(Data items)
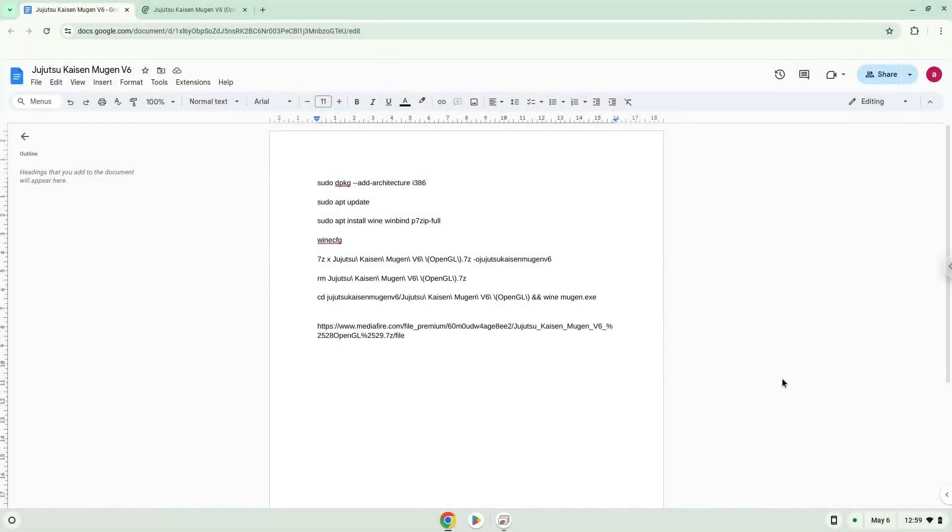Hello. Today we are looking at how to install Jujutsu Kaisen Mugen version 6 on a Chromebook.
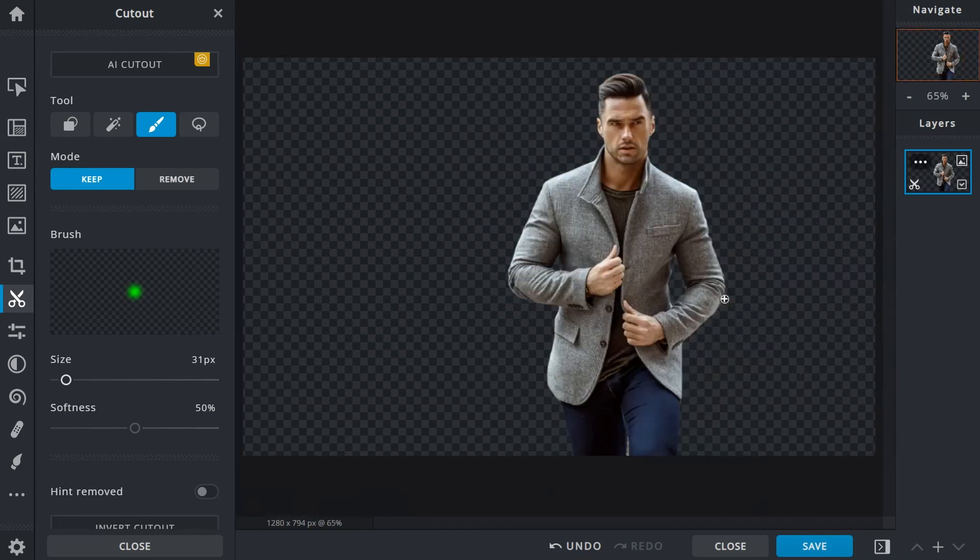And that concludes our exploration of the cutout tool. At the end of the day, each cutout method will have its own respective features, and while some work fine on their own, they can be mixed and matched during the editing process. So feel free to experiment.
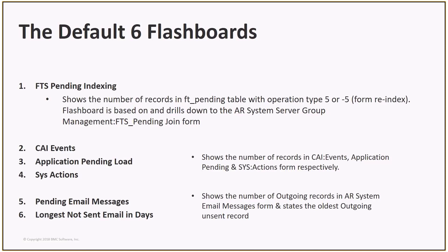The last two flashboards are based on the AR System Email Messages form. For Pending Email Messages, if you click on this flashboard, it drills down to the form and searches on outgoing mail where send message equals yes or send message equals error. For longest not sent email in days, this will just show a count of the age in days of the oldest unsent email record.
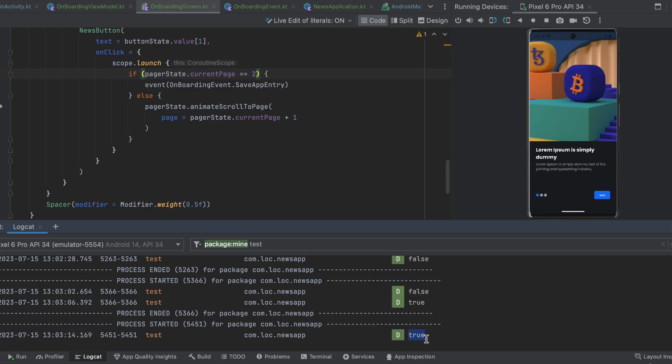Okay, so that was all I wanted to show you for this video. In the next video we're going to implement the navigation graph, and I will see you there.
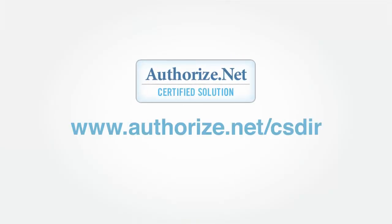To find a complete list of Authorize.net certified solutions, visit the Authorize.net certified solution directory or click the link in the Developer Center.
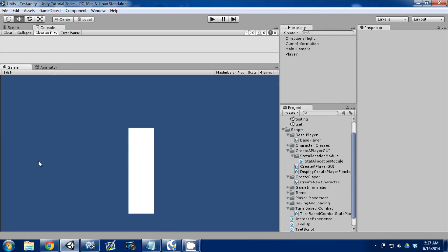Hey guys, this is Dan here. This is episode 28 of our Unity Make an RPG series, and today I'm going to continue to go over our stat allocation module and how we increase stats.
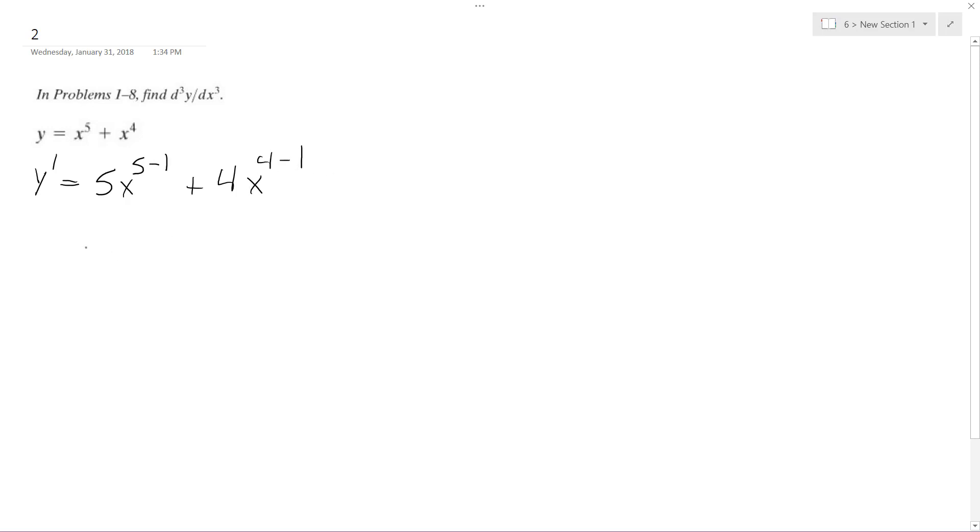So what we get for the first derivative, y prime, is 5x raised to the fourth plus 4x raised to the third.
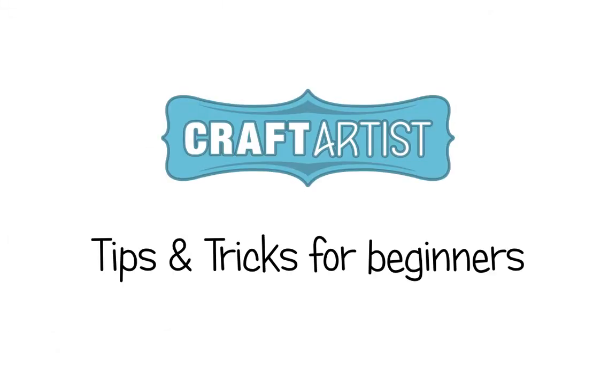This video is aimed at anyone starting out with CraftArtist that wants to know some basic tips and tricks for using the software. So let's get started.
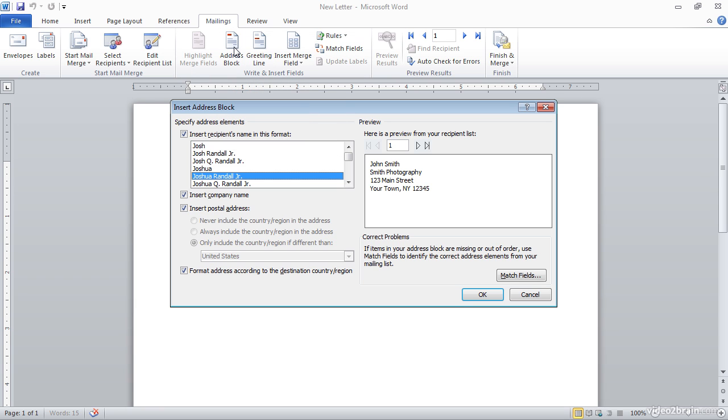You'll see that I have the option to insert the recipient's name in a particular format, and also to insert the company name and the postal address. Down at the bottom, you'll see that we can also format that address according to the specific destination country, so that in different countries, for example, the details would be listed possibly in a different order.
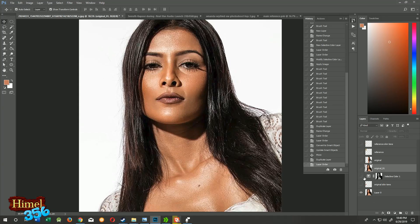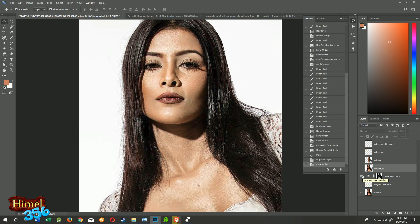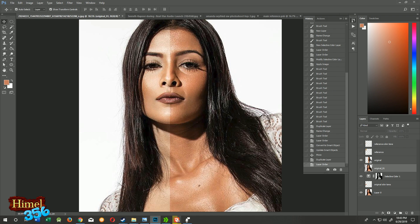Suppose you have done some photo editing, like what I have done here — retouching of the skin color. Now I want to show my viewers what they will get from before and after. For that reason, I have to crop one of my individual image layers to 50% or half. So how can we do that?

> **Task objective**
Copy the records above exactly. Do not carry any picture into the copy.

> **Written reply**
Hello. Today we are looking at how to install Jujutsu Kaisen Mugen version 6 on a Chromebook.
And that concludes our exploration of the cutout tool. At the end of the day, each cutout method will have its own respective features, and while some work fine on their own, they can be mixed and matched during the editing process. So feel free to experiment.
The last two flashboards are based on the AR System Email Messages form. For Pending Email Messages, if you click on this flashboard, it drills down to the form and searches on outgoing mail where send message equals yes or send message equals error. For longest not sent email in days, this will just show a count of the age in days of the oldest unsent email record.
Okay, so that was all I wanted to show you for this video. In the next video we're going to implement the navigation graph, and I will see you there.
To find a complete list of Authorize.net certified solutions, visit the Authorize.net certified solution directory or click the link in the Developer Center.
Hey guys, this is Dan here. This is episode 28 of our Unity Make an RPG series, and today I'm going to continue to go over our stat allocation module and how we increase stats.
So what we get for the first derivative, y prime, is 5x raised to the fourth plus 4x raised to the third.
This video is aimed at anyone starting out with CraftArtist that wants to know some basic tips and tricks for using the software. So let's get started.
You'll see that I have the option to insert the recipient's name in a particular format, and also to insert the company name and the postal address. Down at the bottom, you'll see that we can also format that address according to the specific destination country, so that in different countries, for example, the details would be listed possibly in a different order.
Suppose you have done some photo editing, like what I have done here — retouching of the skin color. Now I want to show my viewers what they will get from before and after. For that reason, I have to crop one of my individual image layers to 50% or half. So how can we do that?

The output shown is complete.